Nitelikli eğitimle yetişecek özgüvenli çocuklar ülkeyi aydınlık geleceğe taşıyacaktır

20 Ağustos 2022 Cumartesi

Eğitim İş Sendikası Genel Başkanı Kadem Özbay ile eğitim sistemimizin sorunlarını ve çözüm önerilerini konuştuk…

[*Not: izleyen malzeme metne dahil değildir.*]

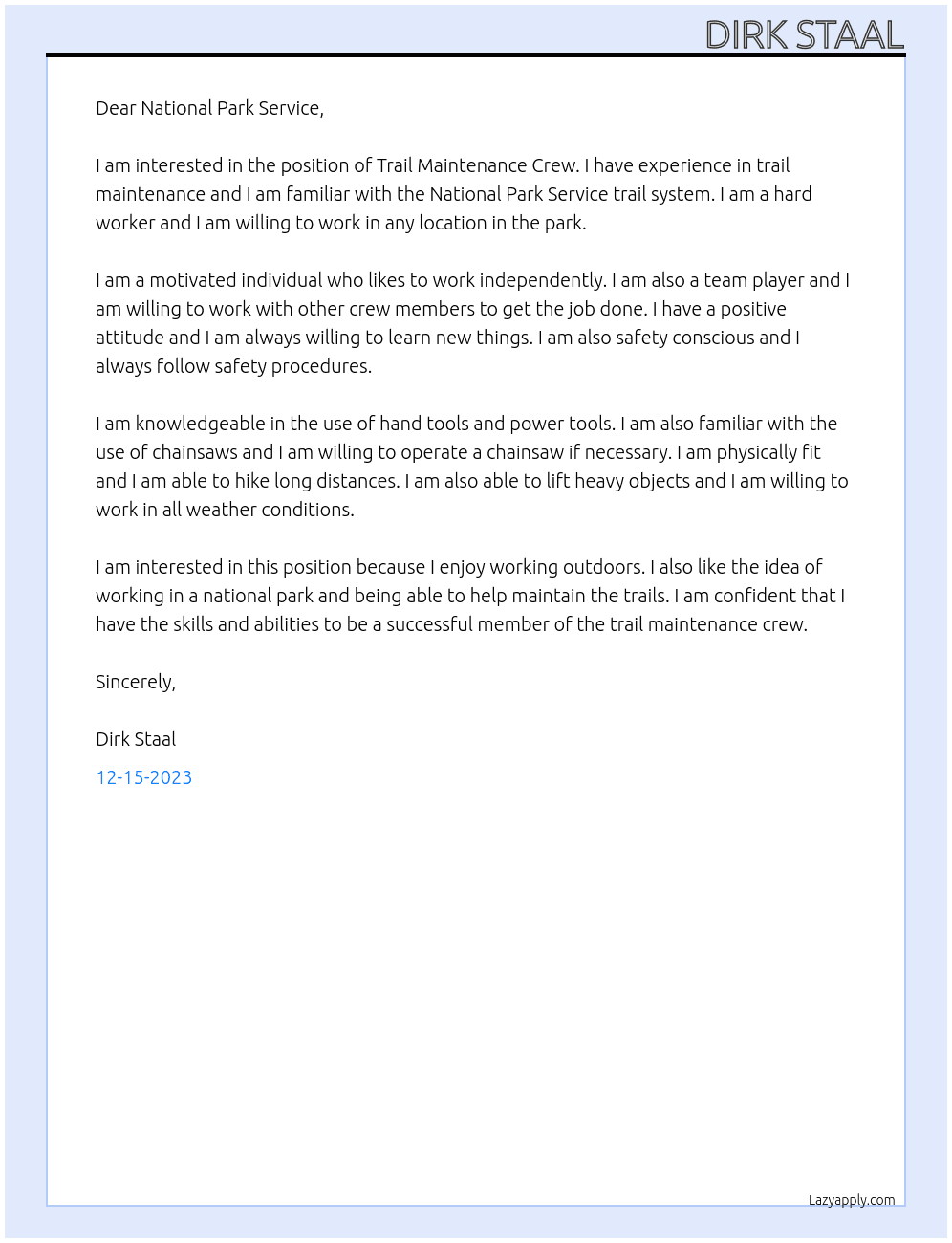 Trail Maintenance Crew  At National Park Service Cover Letter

“Biz eğitim emekçilerinin tatili de, ailemizle geçireceğimiz vakitler de gasp edilmiş durumda. Anayasamıza göre laik, bilimsel, adil ve kamusal bir hizmet olarak verilmek zorunda olduğu halde gericileştirilen ve piyasacılaştırılan eğitimin ortaya saçtığı sorunlar maalesef her yıl daha da artarak devam ediyor. Karanlık bir odada kalan güneş isteyen bir çiçek ne haldeyse öğrencilerimiz de o halde. Kendine güvensiz bir nesil yetişiyor. Son eğitim dönemi, yoksul öğrenci ile zengin öğrenci arasındaki makasın en çok açıldığı dönem oldu.”

“Dünya “çocuklar nasıl daha iyi öğrenir” diye uğraşırken bizim ders kitapları adeta “çocuklar nasıl daha zor öğrenir” deneyi yapmak için hazırlanmış. Sendikamızın araştırması öğretmenlerin yüzde 90’ının ailesinin gıda masraflarını dahi karşılamakta zorlandığını ortaya koyuyor. OECD araştırmalarına bakarsak; öğretmenin kararlara katılımına bakarsak Suudi Arabistan ve Vietnam’dan sonra öğretmenin fikrinin en sorulmadığı ülkeyiz. Biz, bir öğretmenlik meslek kanunu çıkmasına değil, bu öğretmenlik meslek kanununa karşıyız Eğitimi de eğitimciyi de öğrenciyi de tekrar hak ettiği değere kavuşturmalıyız.”

Kadem hocam eğitime yaz tatili arası verilmiş, siz eğitimciler biraz soluk alıyorken ve hazır yeni eğitim ve öğretim dönemi daha başlamamışken, eğitimin genel sorunlarını konuşmanın belki de tam zamanı.

Evet yaz tatilindeyiz ama malum mesleki eğitim programı ve onun angaryaları nedeniyle biz eğitim emekçilerinin tatili de, ailemizle geçireceğimiz vakitler de gasp edilmiş durumda. Ama haklısınız, eğitimin sorunlarını konuşmanın tam zamanı çünkü yıllardır çözülmediği için kronikleşen sorunlara bir o kadar da yenisi ekleniyor.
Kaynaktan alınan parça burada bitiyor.